Hardcover Picture Book, 32 pp.
Ping was a source of curiosity, that cover and how it landed it on all the lists. Oh, my. Think how picture books like Yamada’s question series (What Do You Do with an Idea? …a Problem?, etc.) resonate with an adult readership, to say nothing of the child audiences. Ping is one I will be recommending to my creative friends who’ve put themselves out there on social media.
Ani Castillo uses the game of Ping Pong to talk about the call and response of relationships. Our Ping may receive a Pong in response and that response can be any number of “feelings, intentions, or ideas” (jacket copy). What I love is how Castillo reminds us that “although it’s good to image the best possible Ping. It helps to remember that it is not up to you.” She acknowledges how Pongs aren’t always going to be positive, but continues on, herself, in the positive, encouraging the reader to Ping “freely”, “curiously”, “mindfully”, etc. And she includes the reminder that after we Ping, there is a time to wait for the Pong. As with the game, after we Ping, we anticipate a Pong, and Castillo takes time to explore what that could look like.

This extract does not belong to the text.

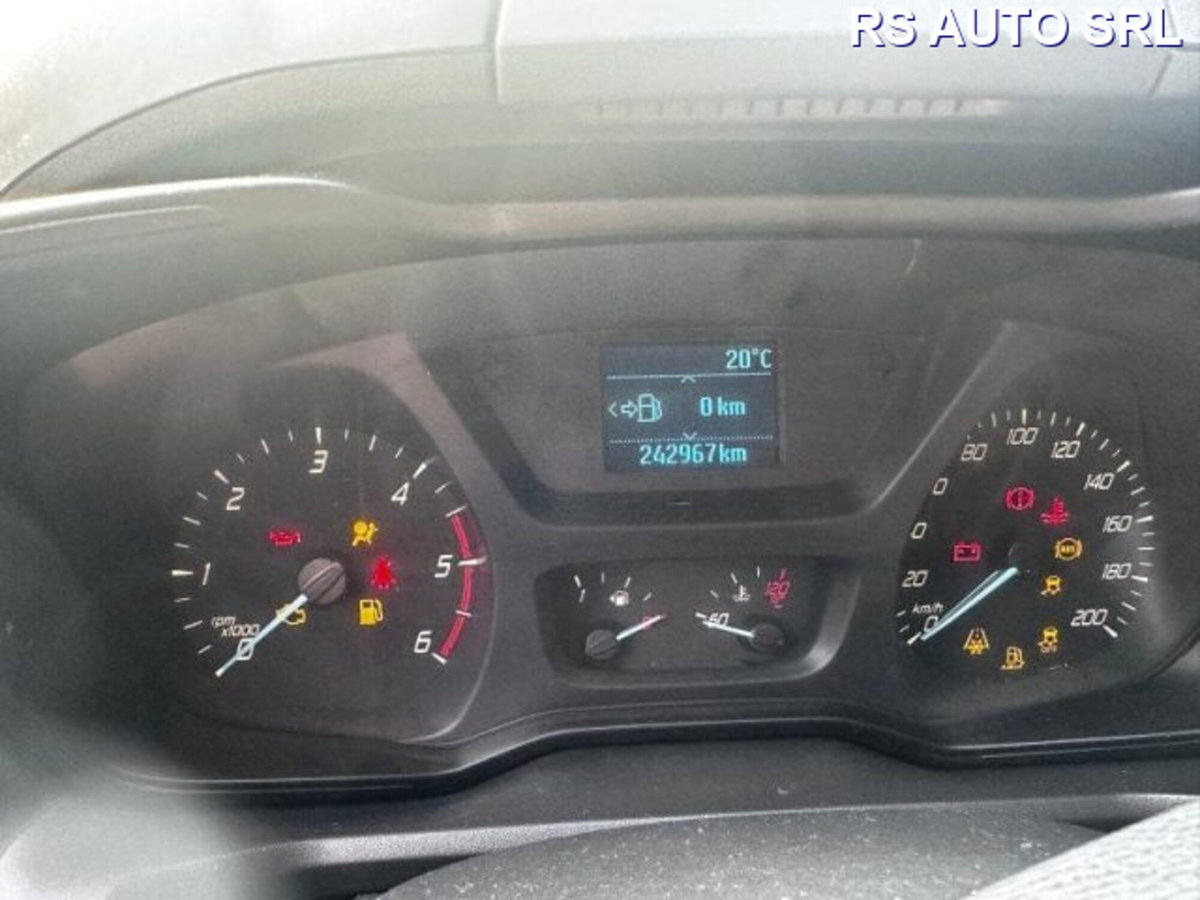 Ford Transit Custom Furgone 270 2.0 TDCi 130 PC Furgone Trend (12)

The illustrations are bright and expressive, as straightforward and as certain as the text (which is big enough for your beginning readers). The inspirational listings of how we can Ping are accompanied by simple action-focused-images that could translate into adding options of your own.
Castillo’s use of my favorite color notwithstanding, I’m so excited about this picture book. I would’ve owned it with the daughter (I might still with her aged 19.) It’s a good gift, to yourself, or to anyone one special in your life whether they are an adult or child.
Recommended for all the libraries.
Ani Castillo is a cartoonist, illustrator, and teacher who was born in Guadalajara, Mexico and now lives in Canada.